Word for word, repeat the data that follows. Do not include the pictures.

Available data:
BEGIN

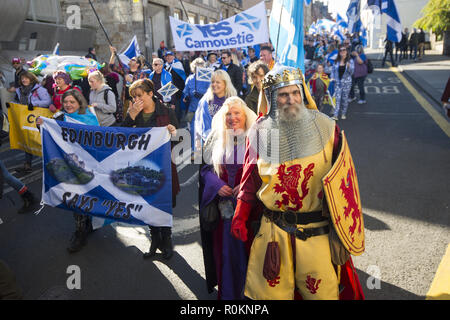 Decine di migliaia di Indy Ref 2 sostenitori marzo a Edimburgo per indipendenza scozzese con: Indy Ref 2 sostenitori dove: Edimburgo, Regno Unito quando: 06 Ott 2018 Credit: Euan ciliegio/WENN Foto Stock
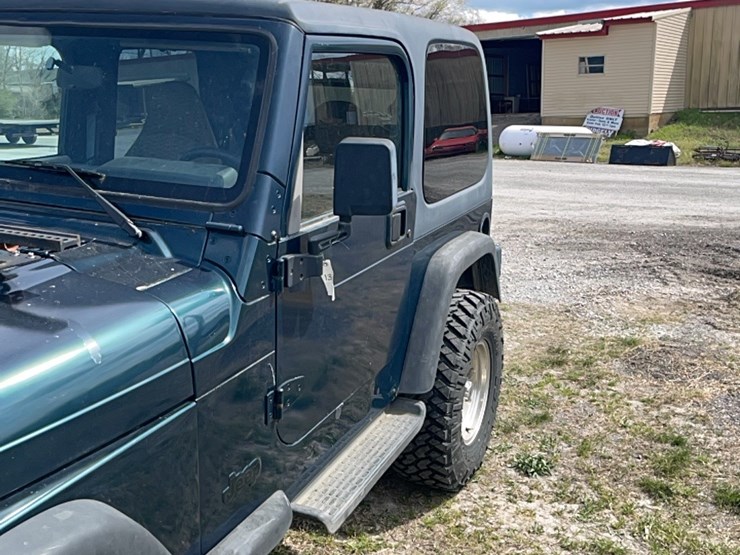 1997-jeep-wrangler-image-5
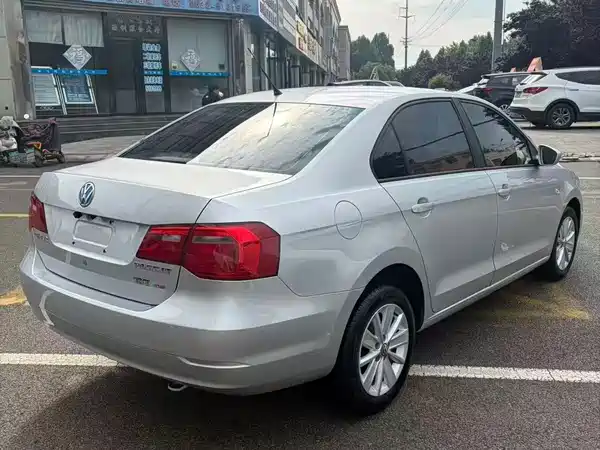 Volkswagen Jetta 2013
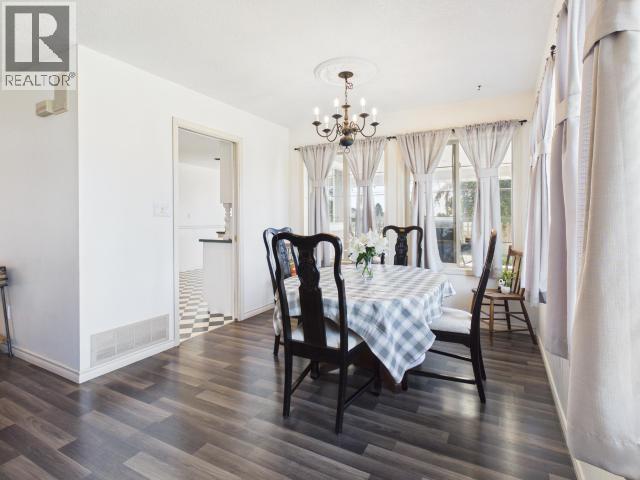 5726 Marine Ave, Powell River, BC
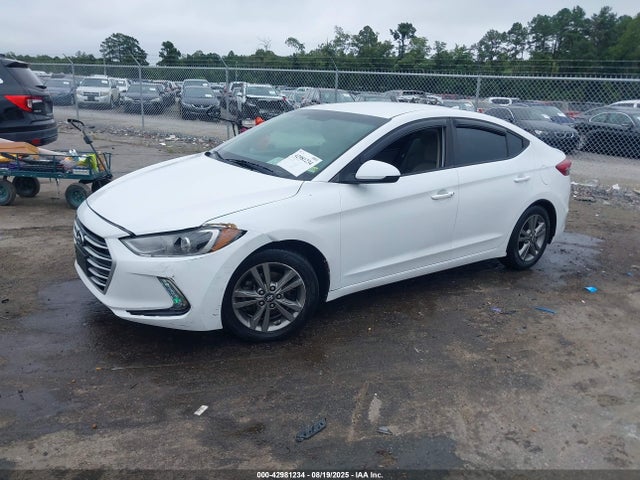 5NPD84LFXHH017209 Hyundai 2017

END

Your solution:
 Decine di migliaia di Indy Ref 2 sostenitori marzo a Edimburgo per indipendenza scozzese con: Indy Ref 2 sostenitori dove: Edimburgo, Regno Unito quando: 06 Ott 2018 Credit: Euan ciliegio/WENN Foto Stock
 1997-jeep-wrangler-image-5
 Volkswagen Jetta 2013
 5726 Marine Ave, Powell River, BC
 5NPD84LFXHH017209 Hyundai 2017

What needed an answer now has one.